In contradistinction to the Job-like suffering of the Nigredo, the albedo or 'Whitening' the alchemical opus represents a return to innocence. Closely associated with Biblical accounts of the Creation and of Paradise, we can be confident in interpreting The Garden of Cyrus as representative of the Albedo  stage of alchemy. Not only does Browne open The Garden of Cyrus with the Creation,  he then swiftly moves onto Paradise, speculating on the location of the Garden of Eden. According to C.G. Jung -

'By means of the opus which the adept likens to the creation of the world, the albedo or whitening is produced.'  [10]

'For alchemists Paradise was a favourite symbol of the albedo, the regained state of innocence'. [11]

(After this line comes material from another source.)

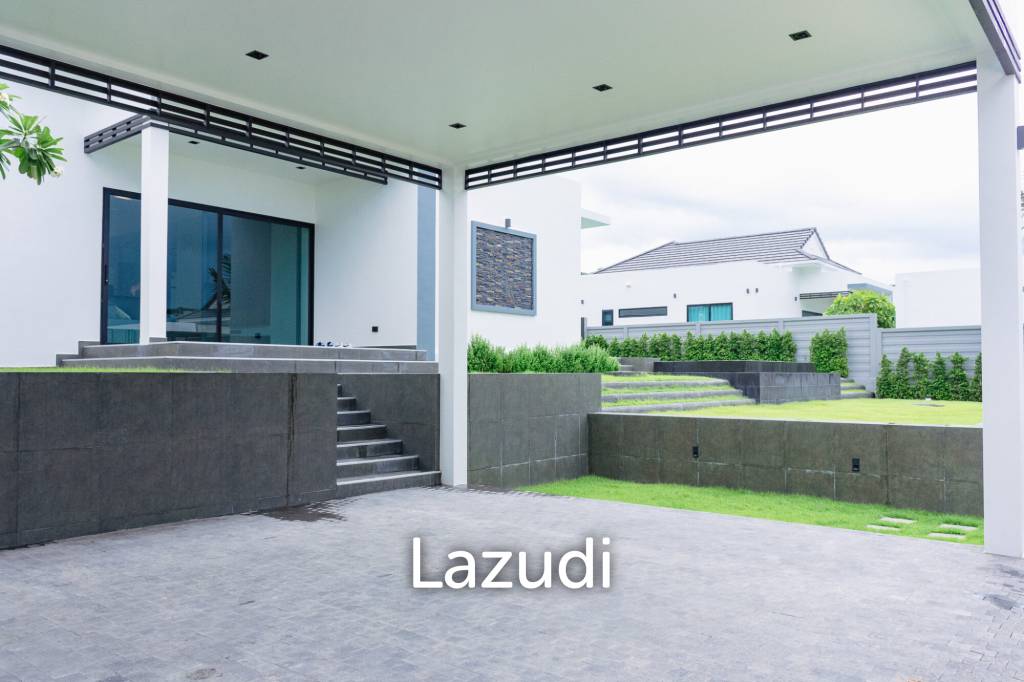 SIVANA HILLS : Luxurious 3 Bed Pool Villa for rent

The Hamburg based physician and hermetic philosopher Heinrich Khunrath (1560-1605) synthesized symbolism from Christianity, the Kabbalah and the mystic Rose of alchemy to form the mandala reproduced in his Amphitheatrum sapientiae aeternae  of 1595 (Above).

The gordian knot of  how and why  Browne's creative motivation in writing two 'conjoyned discourses remained uncut for centuries. In  a typical self-depreciating manner, Browne states simply of the relationship between his two Discourses-

That we conjoyn these parts of different Subjects, or that this should succeed the other; Your judgement will admit without impute of incongruity; Since the delightful World comes after death, and Paradise succeeds the Grave.

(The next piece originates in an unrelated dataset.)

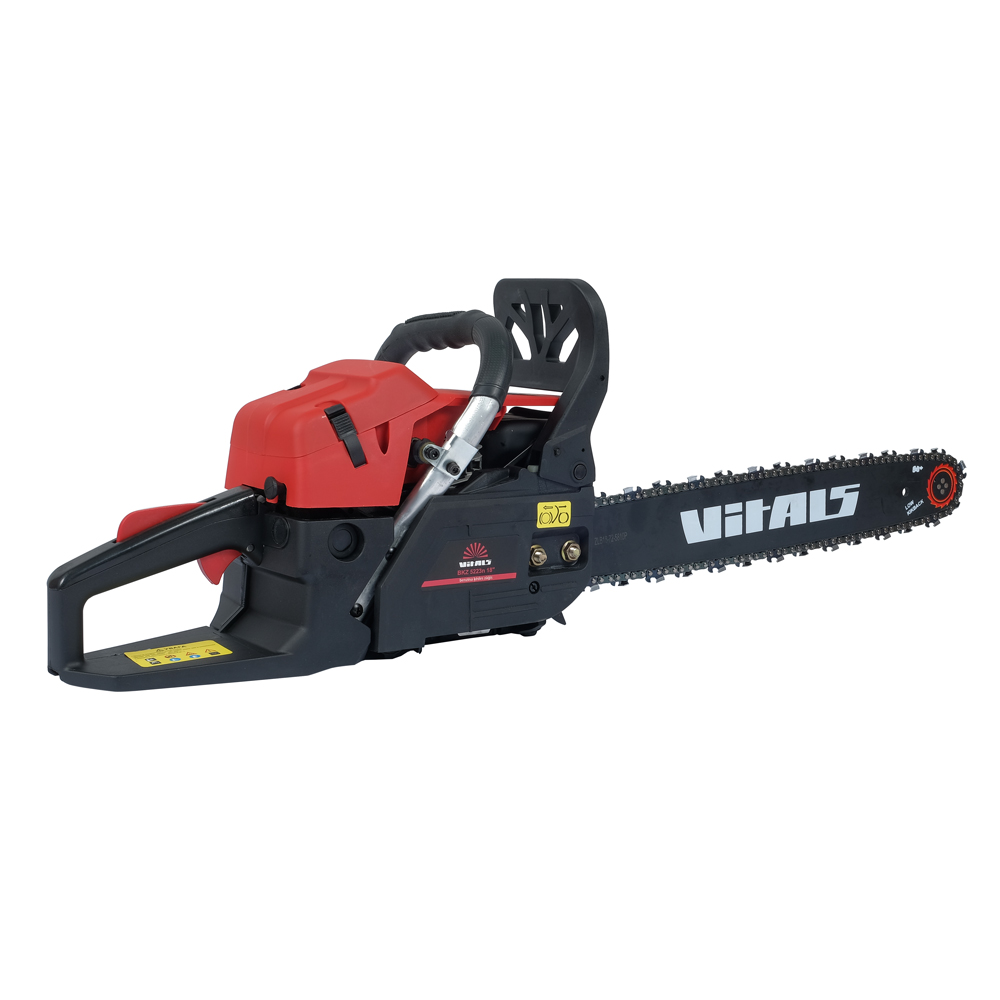Бензинова ланцюгова пилка Vitals BKZ 5223n 18“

This solitary clue far from explains Browne's creative motivation for the multiplicity of polarities or complexio oppositorum  in his diptych Discourses. 

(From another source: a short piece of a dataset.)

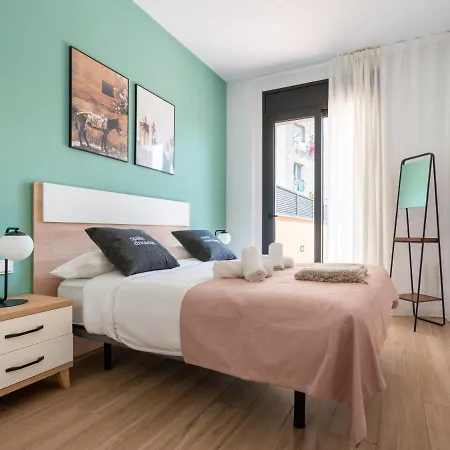 Limehome Carrer De Besalu 90 - Temporal Apartment *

There's a multipicity of opposites or polarities in Urn Burial and The Garden of Cyrus their primary thematic polarities being Time and Space, Darkness and Light, Decay and Growth, Invisible and Visible, Accident and Design, Conjecture and Discernment,  Microcosm and Macrocosm among others, as well as oppositional imagery and literary style. Such distinctive polarity alerts those familiar with basic tenets of Western esotericism,  for polarity features strongly in nearly all esoteric schemata. One of the basic maxims of alchemy, solve et coagula for example, which exhorts the alchemist to 'dissolve and coagulate'  loosely approximating to the biology of decay and growth, is itself a polarized maxim which corresponds to the dominant themes of each Discourse respectively, Urn Burial being a meditative soliloquy on decay and life's endings, whilst The Garden Of Cyrus lyricizes upon life's beginnings and growth. 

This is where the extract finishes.